Last medical review:

A non-cancerous (benign) tumour of the stomach is a growth that does not spread (metastasize) to other parts of the body. Non-cancerous tumours are not usually life-threatening. They are typically removed with surgery and do not usually come back (recur).

There are many types of non-cancerous tumours of the stomach but most are rare.

Gastric polyps

Gastric polyps are the most common non-cancerous stomach tumours. A gastric polyp is a growth that develops in the lining of the stomach. Polyps may look like a mushroom with a head and a stalk (called pedunculated polyps). They may also be flat and grow along the inner surface of the wall of the stomach (called sessile polyps).

Some gastric polyps may develop gastric epithelial dysplasia (a precancerous condition). This makes them more likely to develop into cancer, but the risk of them changing into cancer is still low.

There are several types of gastric polyps:

  • fundic gland polyps – usually smaller than 1 cm and may occur by chance or happen in people with polyposis syndromes
  • hyperplastic polyps – typically smaller than 2 cm and are often found in people with an inflamed stomach (gastritis)
  • inflammatory fibroid polyps – hard, red, swollen (inflamed) and can grow large enough to cause a blockage
  • xanthoma – a fatty, yellowish growth that is usually smaller than 3 mm
  • hamartomatous polyps – surrounded by normal stomach lining and may occur by chance or in people with polyposis syndromes

Polyposis syndromes are inherited (genetic) conditions where large numbers of polyps develop in the gastrointestinal (GI) tract, usually the colon or small intestine. Benign gastric polyps can occur in the following polyposis syndromes:

  • Peutz-Jeghers syndrome
  • juvenile polyposis
  • Cowden syndrome
  • Cronkhite-Canada syndrome
  • Gardner syndrome
  • familial adenomatous polyposis (FAP)

Other non-cancerous gastric tumours

Other types of non-cancerous stomach tumours are rare. These include:

  • a gastrointestinal stromal tumour (GIST) – small GISTs may be non-cancerous but larger ones are often cancerous
  • a lipoma – made up of fat cells
  • a leiomyoma – made up of smooth muscle cells
  • tumours of the peripheral nerves, such as schwannoma and neurofibroma
  • an ectopic pancreas (pancreatic heterotopia) – made up of pancreatic tissue cells
  • a hemangioma – made up of abnormal blood vessels
  • a lymphangioma – develops in lymph vessels
  • a glomus tumour (perivascular tumour) – develops from cells around blood vessels
  • a fibroma – made up of fibrous tissue
  • a mucocoele – develops when a mucus-releasing gland becomes blocked


Gastric polyps may develop because of an inherited condition or in areas of the stomach that are inflamed or damaged. Fundic gland polyps may also develop in people who take drugs that lower the amount of acid made in the stomach (such as proton-pump inhibitors). But we don’t know what increases the risk for other non-cancerous stomach tumours because they are so rare.

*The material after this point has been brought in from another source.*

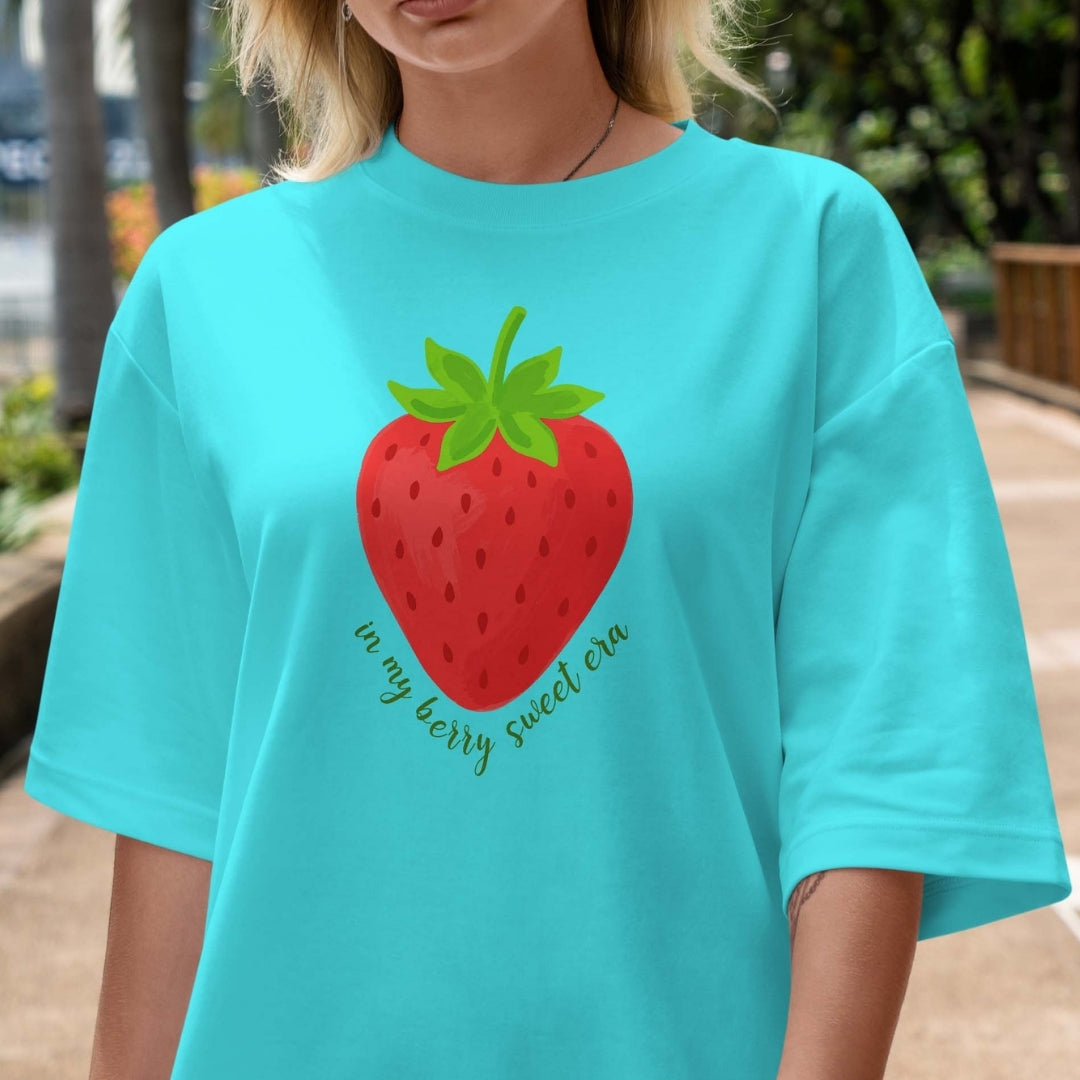 Person wearing a turquoise t-shirt with a strawberry graphic and text.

Non-cancerous stomach tumours rarely cause signs and symptoms. Most tumours are found accidentally when an upper gastrointestinal endoscopy is done for other reasons. Signs and symptoms may appear if the polyp grows very large and may include:

  • upper abdominal pain
  • bleeding
  • anemia
  • gastric outlet obstruction (blocked opening from the stomach to the small intestine)
  • digestive problems, such as nausea and vomiting or feeling full after a small meal (early satiety)
  • lump in the abdomen (if the tumour is large)


Non-cancerous stomach tumours are usually discovered when a person has tests done for other reasons. If you have symptoms or your doctor thinks you might have a non-cancerous stomach tumour, you will be sent for tests. Tests used to diagnose or rule out non-cancerous stomach tumours include:

  • an upper gastrointestinal endoscopy
  • an endoscopic ultrasound
  • an endoscopic biopsy


The standard treatment for non-cancerous stomach tumours is surgery. The type of surgery mostly depends on the size of the tumour and includes the following:

  • an endoscopic biopsy – to remove polyps that are smaller than 2 cm
  • a gastrostomy – a cut (incision) in the stomach wall to remove polyps larger than 5 cm or many flat polyps
  • a stomach resection – to remove a small tumour along with a margin of healthy tissue
  • a gastrectomy – removing all or part of the stomach (for many polyps)

Some people with polyposis syndromes may need several treatments to remove polyps. You may not have treatment if a tumour is smaller than 1 cm and isn’t causing any signs or symptoms. But you may need to have regular checkups with an endoscopy to see if it grows or starts to look different.